DATA SHOWN:
Content starts

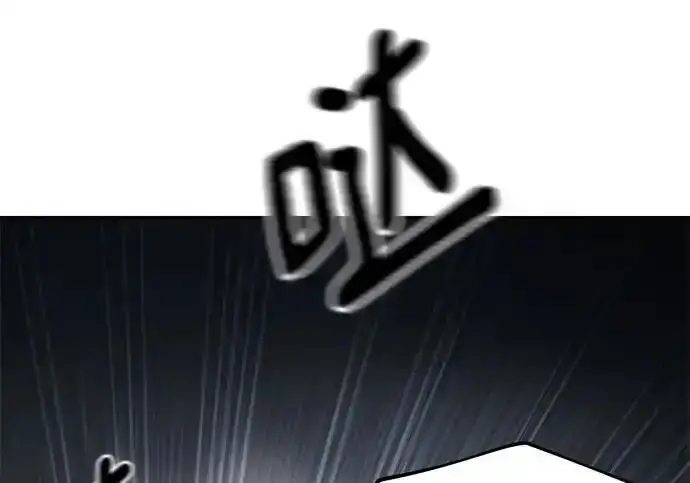 《校霸负责人》第193话图101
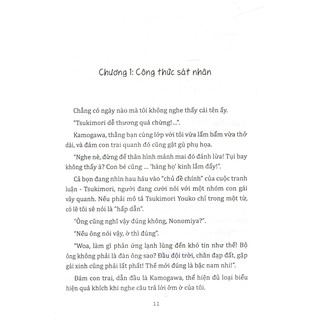 Sách - Ánh Trăng (Tái Bản Có Bổ Sung)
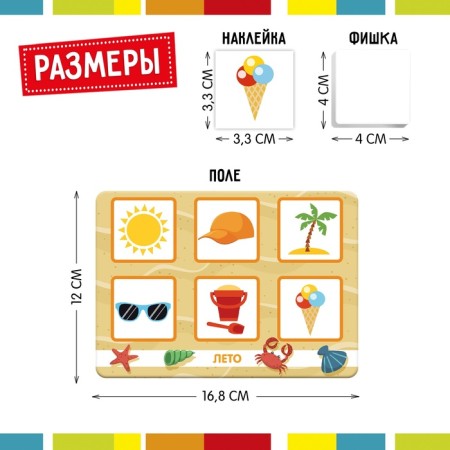Lotto "Seasons", 1-4 player, 3+-7
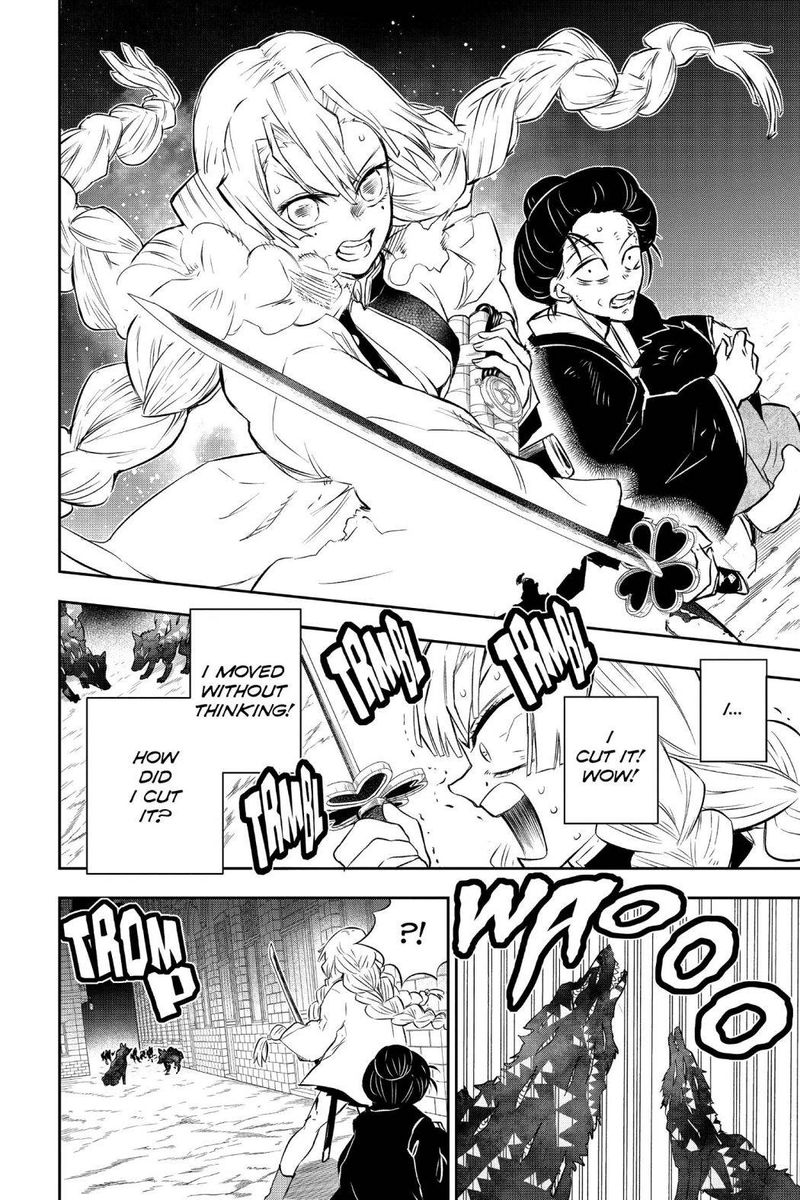 Kimetsu No Yaiba Gaiden 4 14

Content ends

WHAT YOU SHOULD DO:
From the line that contains "1-4 player, 3+-7" to the end of the listing, give every line again exactly as written. Leave the pictures out.

RESPONSE TO THE TASK:
Lotto "Seasons", 1-4 player, 3+-7
 Kimetsu No Yaiba Gaiden 4 14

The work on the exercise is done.